(Dataset items)
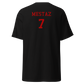 Mt. Pleasant High School Football '26 Player T-Shirt "MESTAZ"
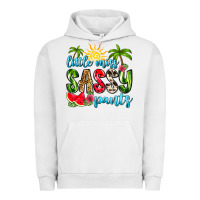 Pigment Lunar Rock little miss sassy pants Urban Hoodie - Zillion Design Studio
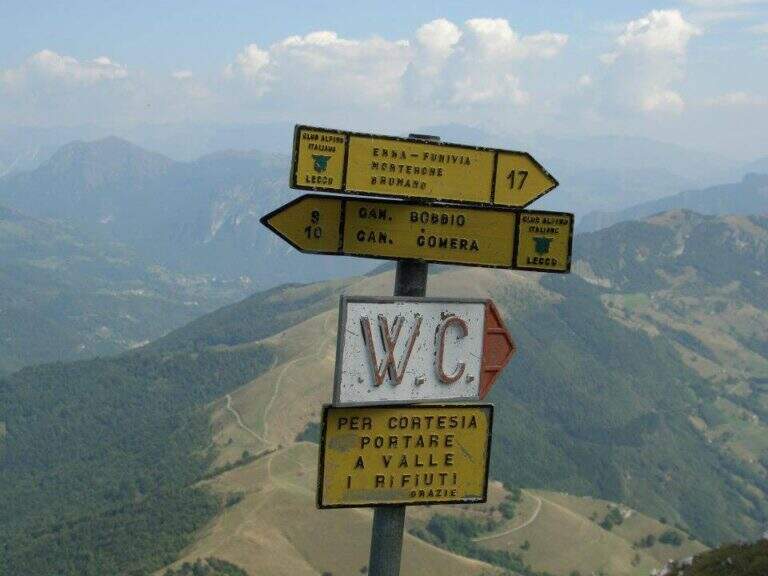 Sentiero Attrezzato Carlo Villa al Canale Bobbio - foto 22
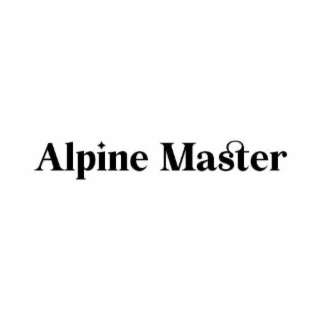 ALPINE MASTER logo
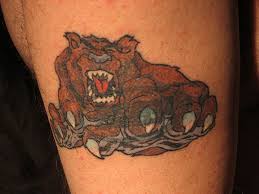 From hot dogs to bears signatures, we take a peek at some of the most magnificent and revolting body art inspired by the city. 41 Powerful Bear Tattoos Ideas Pictures Designs Images Picsmine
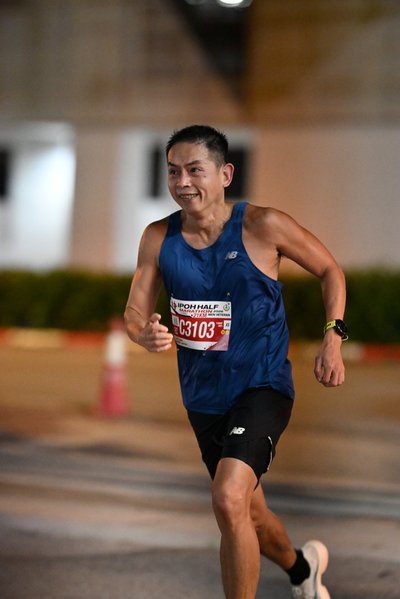 Ipoh Half Marathon 2026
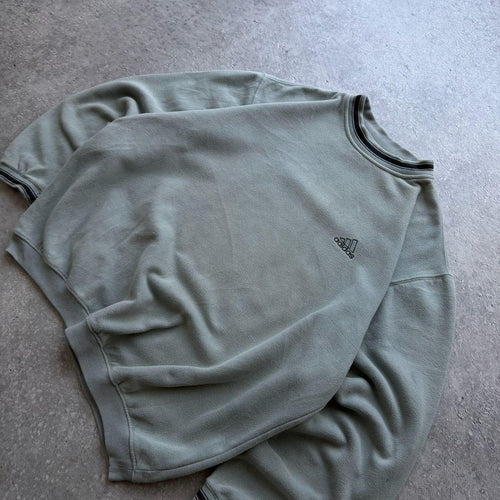 2000's Adidas Sweater (L)
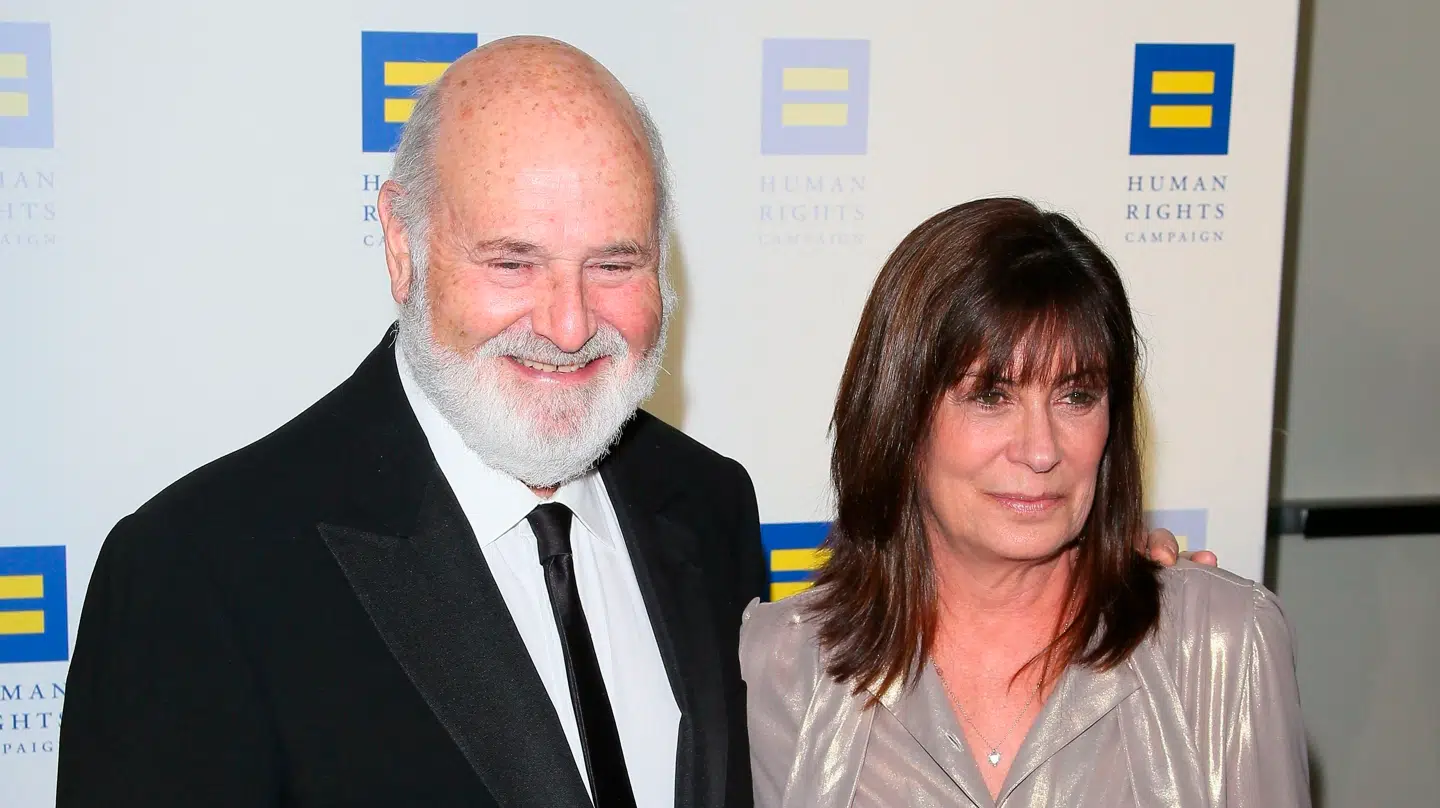 Filminstruktør Rob Reiners og konen Michele blev myrdet i deres hjem i Hollywood 14. december.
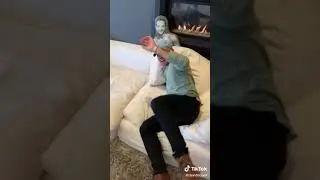 David Dobrik tiktok video 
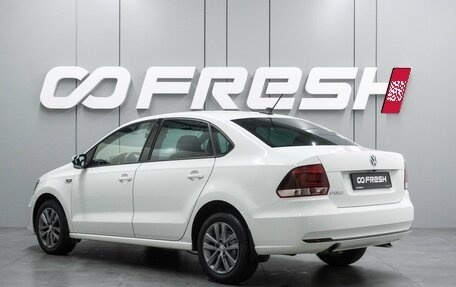 Volkswagen Polo VI (EU Market), 2019 год, 1 415 000 рублей, 2 фотография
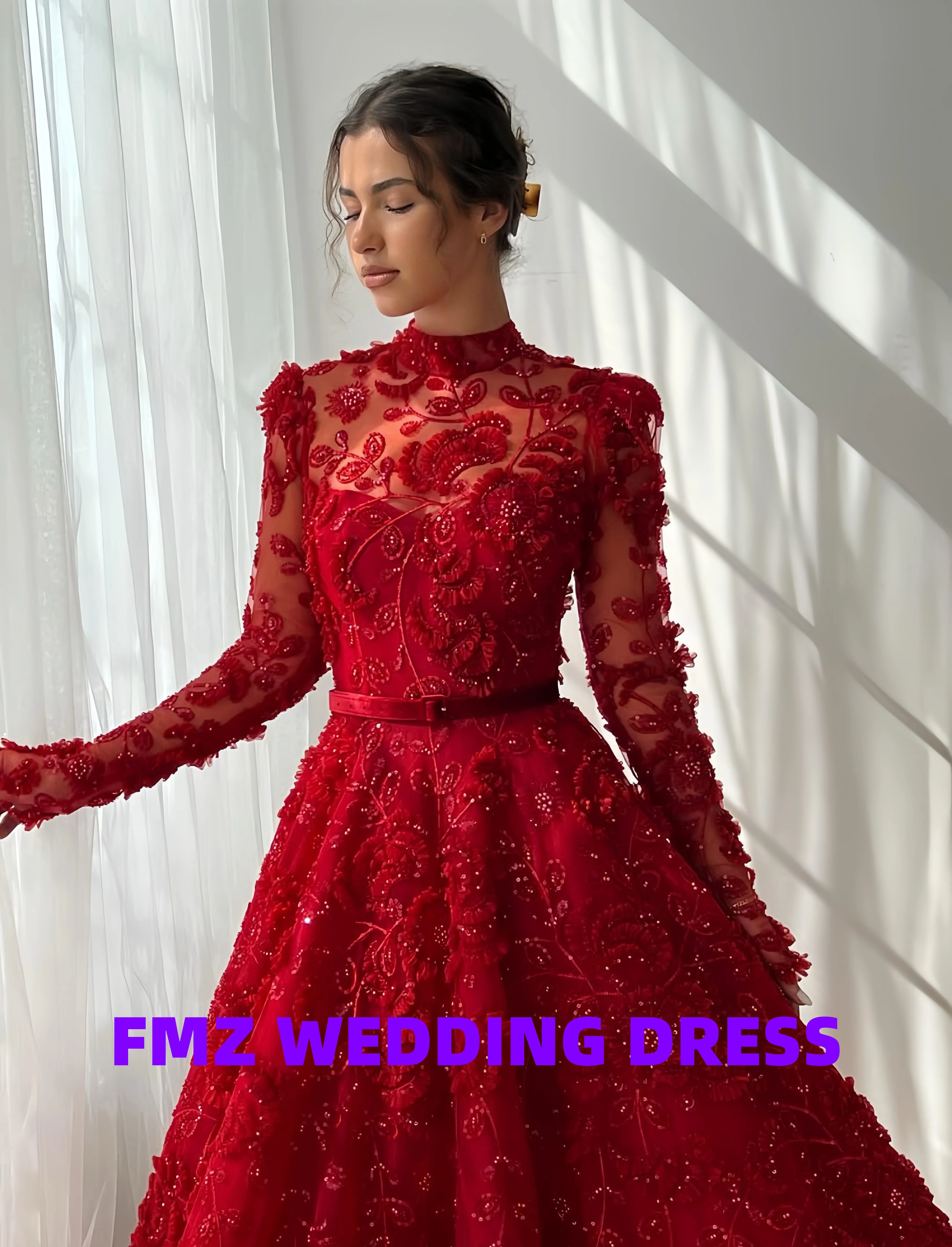 Customized High-Nec…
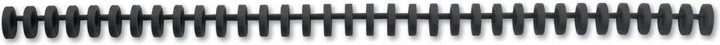 Actual product image GBC Click spine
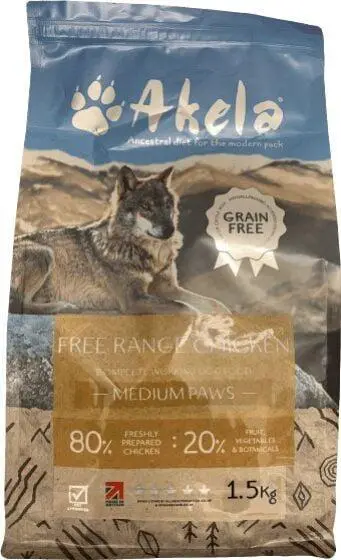 Akela 80:20 Free-Range Chicken review
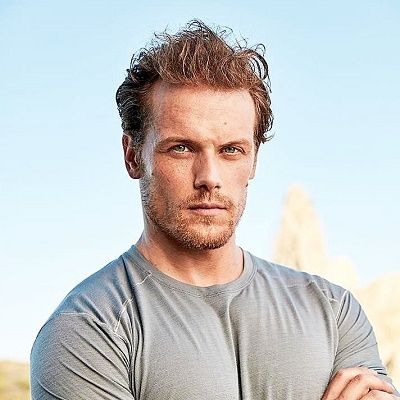 Sam Heughan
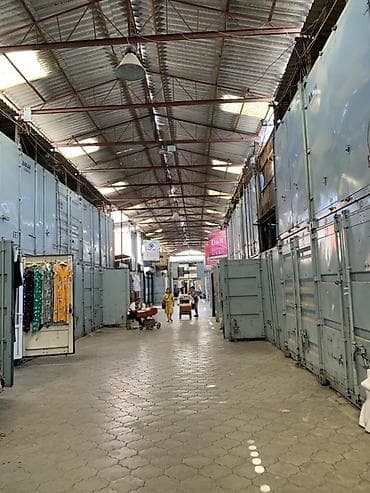 Аренда подсклад, на длительный срок,контейнера/павильона в крытом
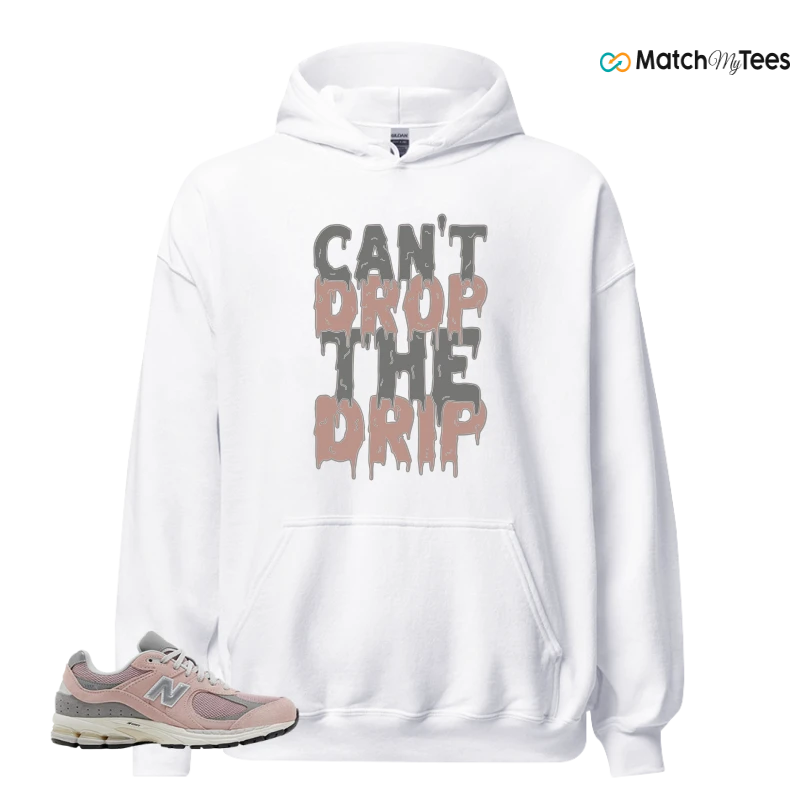 NEW BALANCE 2002R ORB PINK SNEAKER MATCHING Matching Tees hoodie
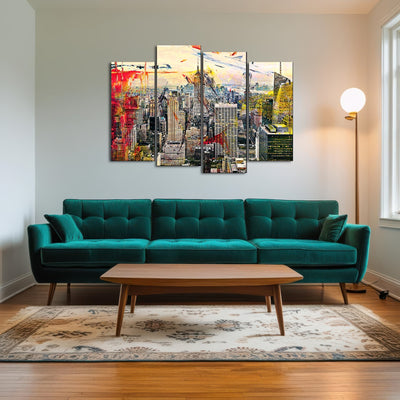 AUTO-MOCKUP ROOM | Empire State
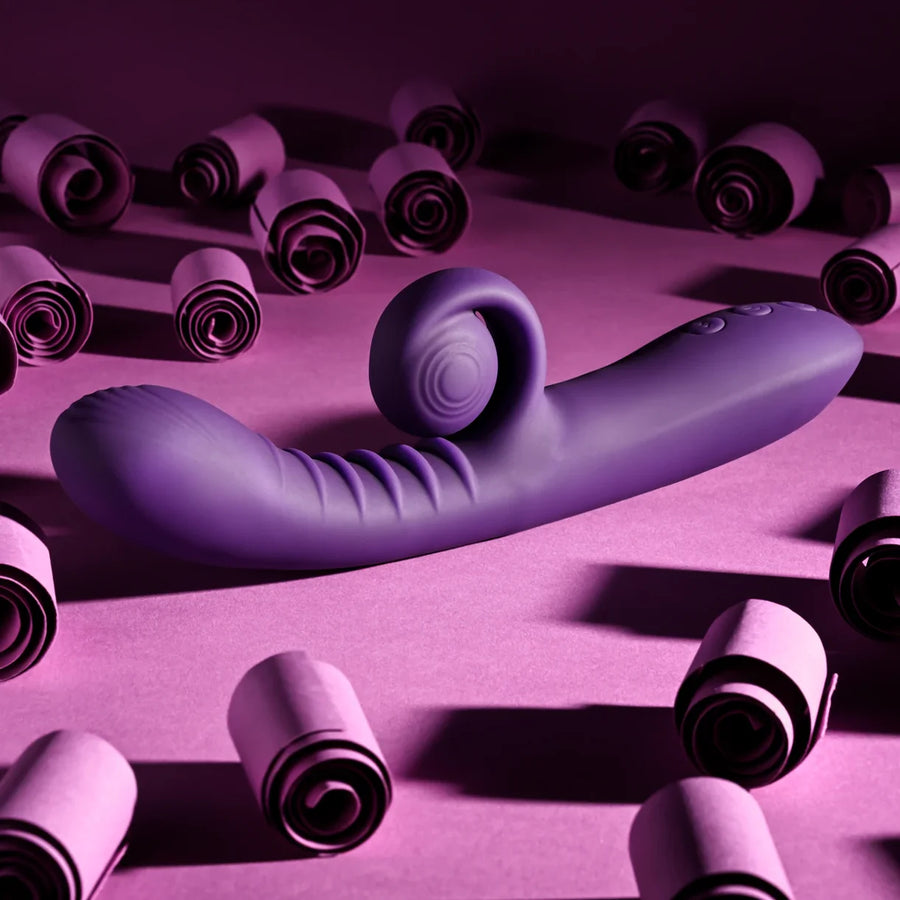 Playboy Curlicue
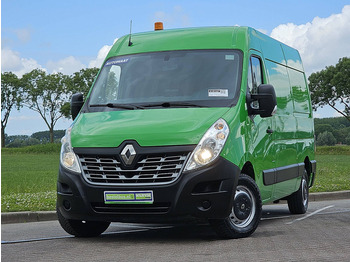 Цельнометаллический фургон RENAULT Master 2.3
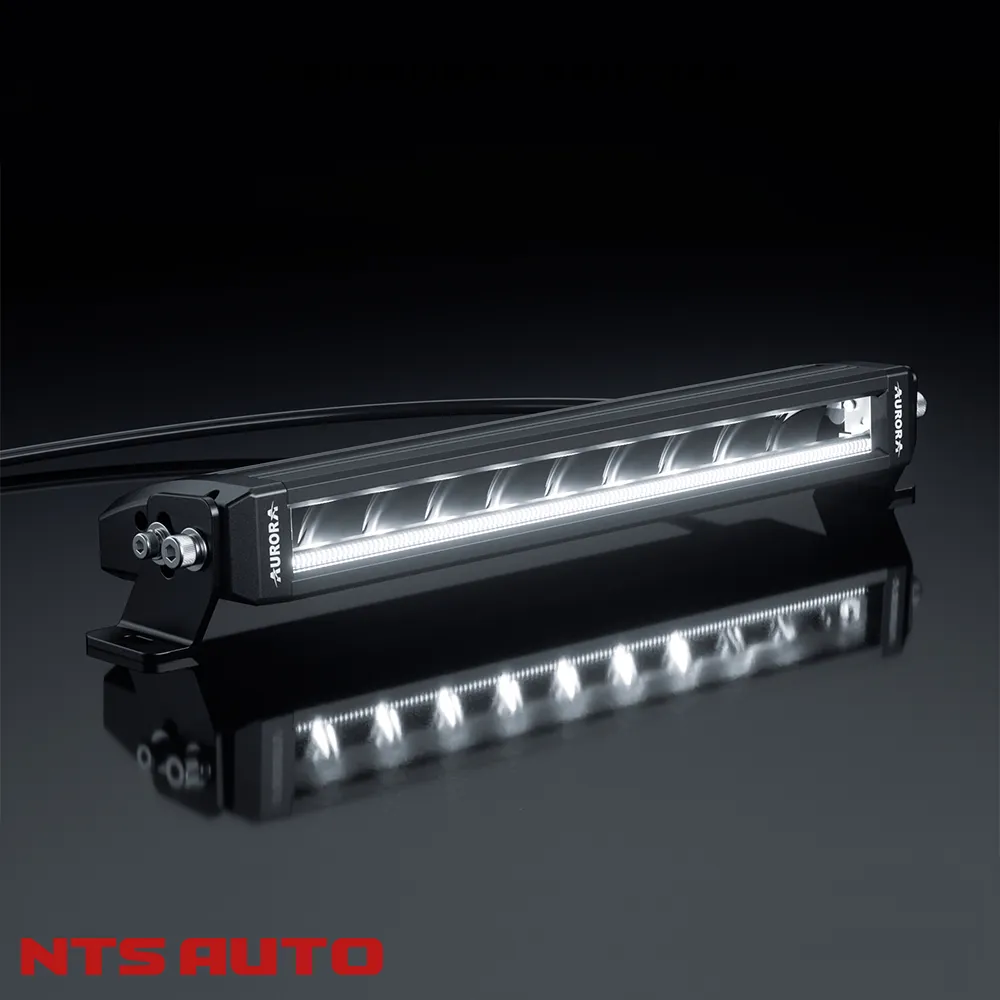 СВЕТОДИОДНАЯ БАЛКА 50" ДАЛЬНЕГО СВЕТА AURORA S5D1 ДХО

* **Goal of the exercise**
Write the lines from the one containing "Akela 80:20 Free-Range Chicken review" through the end of the data above exactly as they appear, and do not carry over any picture.

* **Written answer**
 Akela 80:20 Free-Range Chicken review
 Sam Heughan
 Аренда подсклад, на длительный срок,контейнера/павильона в крытом
 NEW BALANCE 2002R ORB PINK SNEAKER MATCHING Matching Tees hoodie
 AUTO-MOCKUP ROOM | Empire State
 Playboy Curlicue
 Цельнометаллический фургон RENAULT Master 2.3
 СВЕТОДИОДНАЯ БАЛКА 50" ДАЛЬНЕГО СВЕТА AURORA S5D1 ДХО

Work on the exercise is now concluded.